_TASK DESCRIPTION_. Where in the records does the word "Report" appear? Copy each line that holds it.

_PROVIDED RECORDS_.
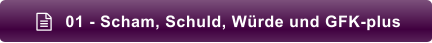 01 - Scham, Schuld, Würde und GFK-plus 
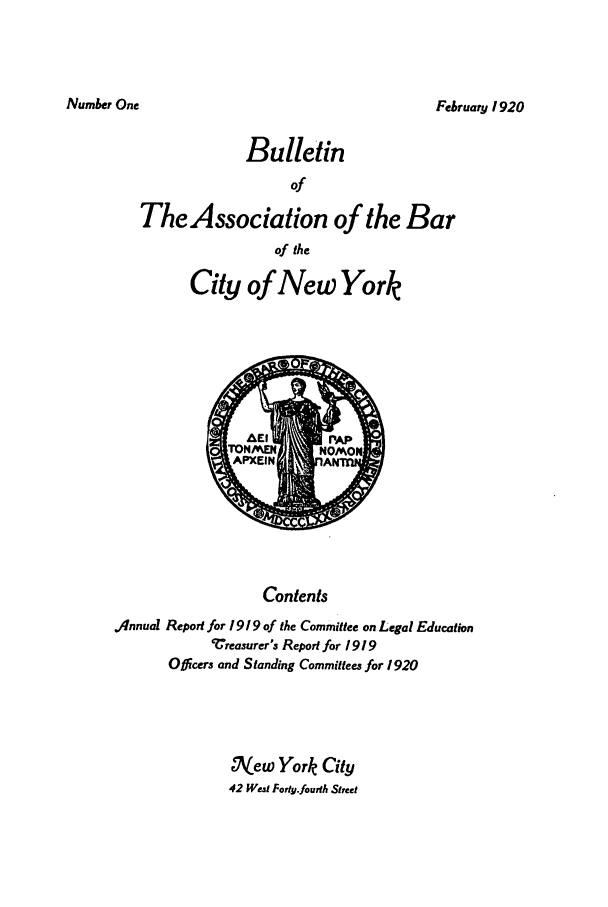 handle is hein.barjournals/bacny0001 and id is 1 raw text is: Femruary 1920

Bulletin
of
TheAssociation of the Bar
of the
City of New York

Contents
Annual Report for 1 919 of the Committee on Legal Education
Vreasurer's Report for 1919
Oflicers and Standing Committees for 1920

N7 ew York City
42 West Forty.fourth Street

Number One


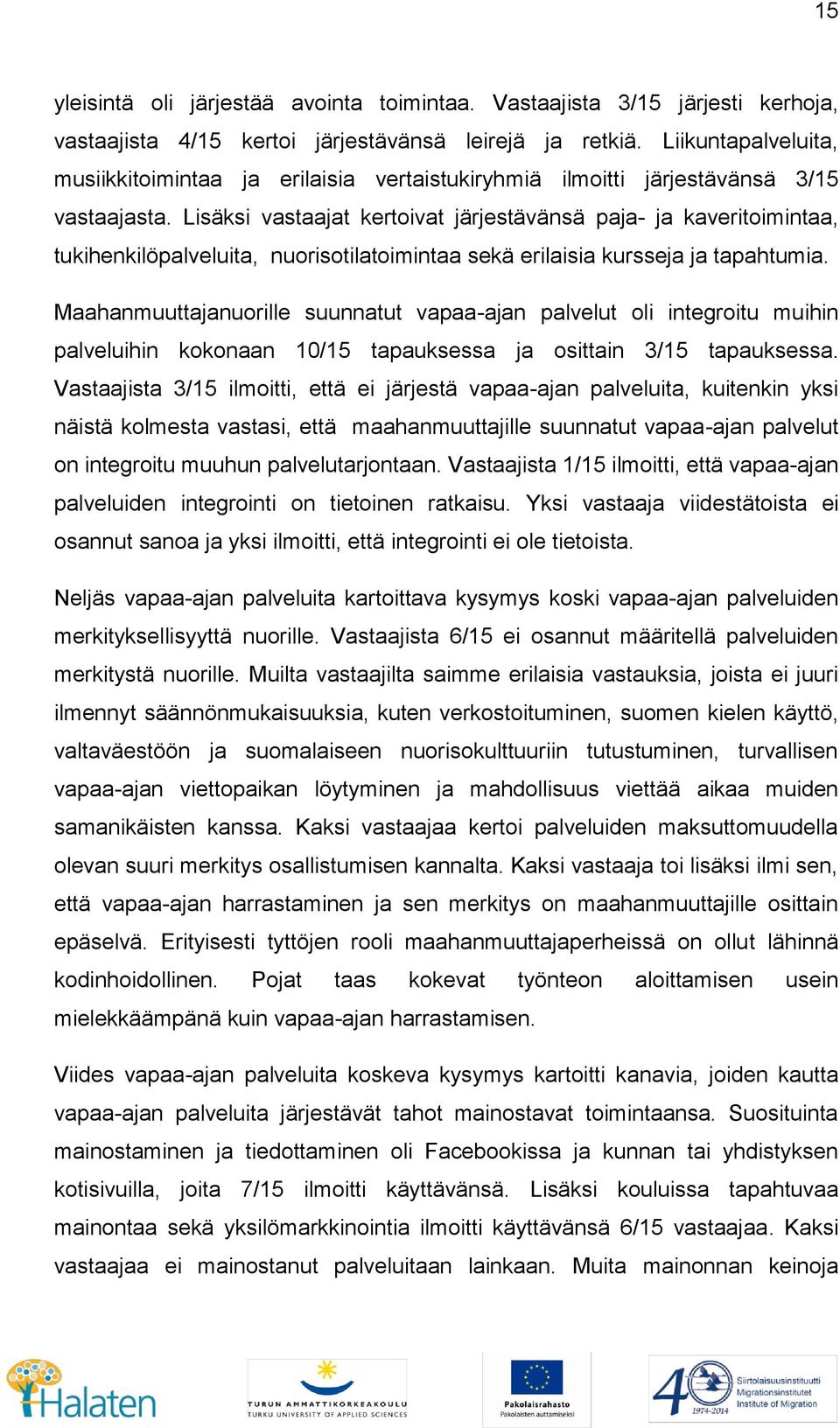 Lisäksi vastaajat kertoivat järjestävänsä paja- ja kaveritoimintaa, tukihenkilöpalveluita, nuorisotilatoimintaa sekä erilaisia kursseja ja tapahtumia.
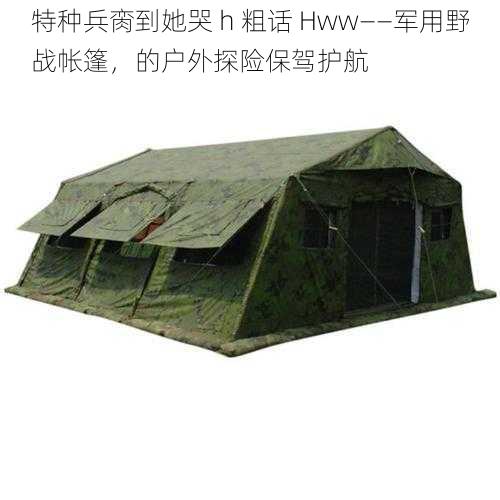 特种兵脔到她哭 h 粗话 Hww——军用野战帐篷，的户外探险保驾护航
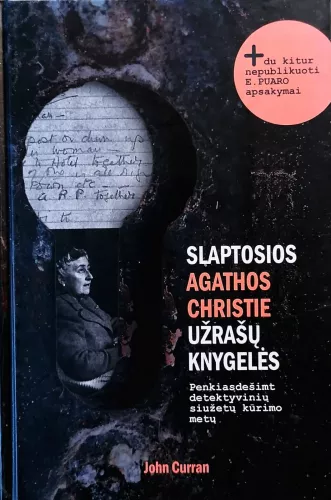 Slaptosios Agathos Christie užrašų knygelės: penkiasdešimt detektyvinių siužetų kūrimo metų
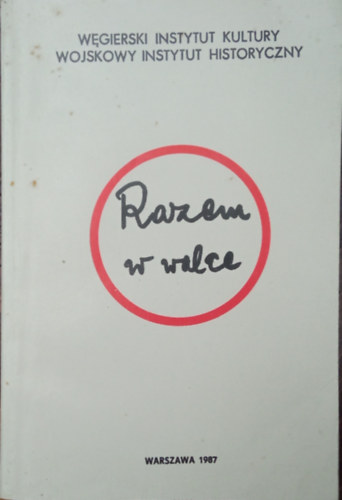 Lagzi István - Henryk Piskunowicz - Razem w walce - Együtt a harcban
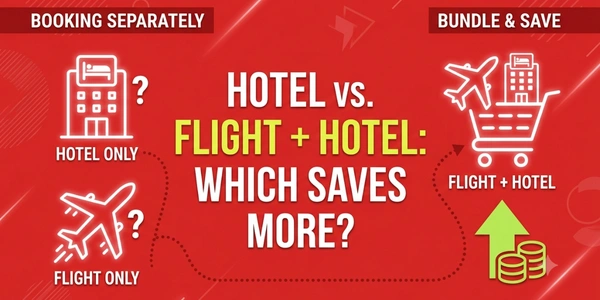 Hotel vs. Flight + Hotel: Which Saves More? Banner Image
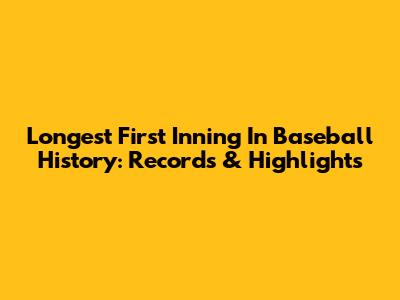 Longest First Inning In Baseball History: Records & Highlights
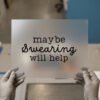 Maybe Swearing Will Help — for light garments
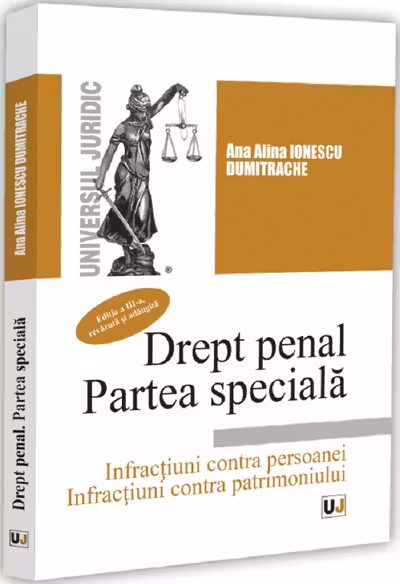 Drept penal. Partea speciala. Infractiuni contra persoanei. Infractiuni contra patrimoniului Ed.3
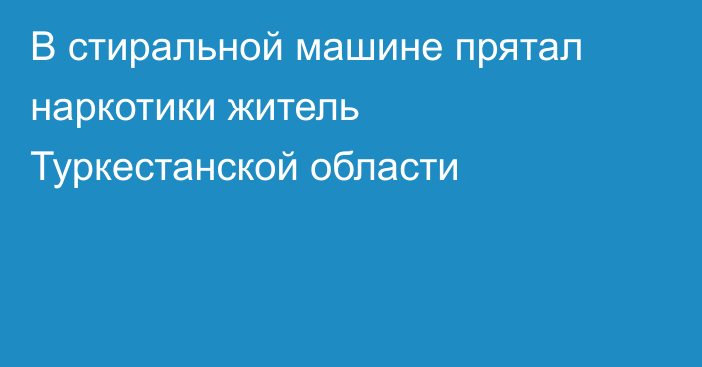 В стиральной машине прятал наркотики житель Туркестанской области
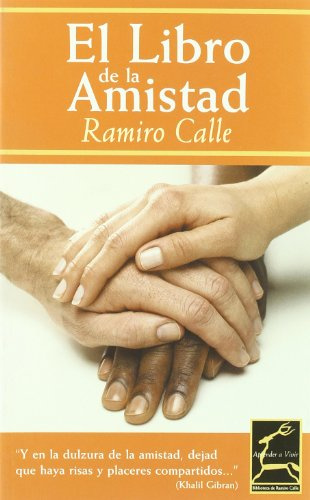 EL LIBRO DE LA AMISTAD (Aprender a Vivir)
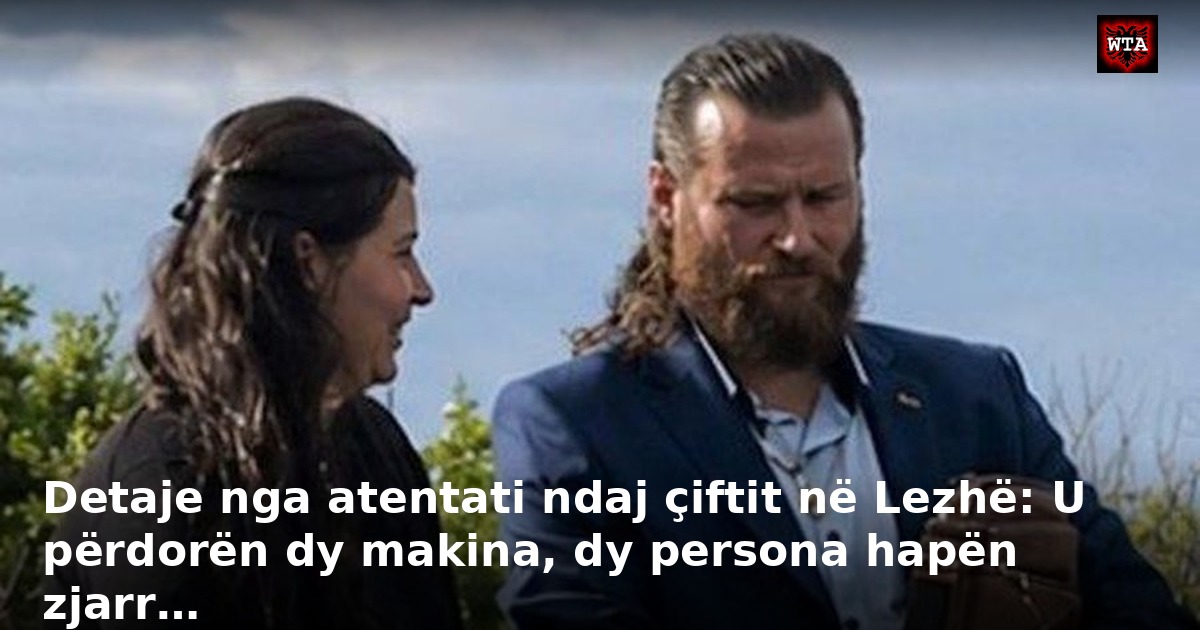 Detaje nga atentati ndaj çiftit në Lezhë: U përdorën dy makina, dy persona hapën zjarr…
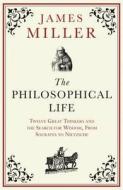 The Philosophical Life di James Miller edito da Oneworld Publications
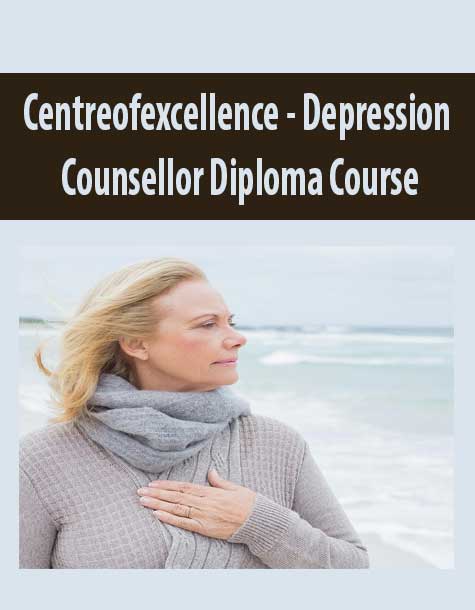 Centreofexcellence - Depression Counsellor Diploma Course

_TASK SOLUTION_.
Annual Report for 1 919 of the Committee on Legal Education
Vreasurer's Report for 1919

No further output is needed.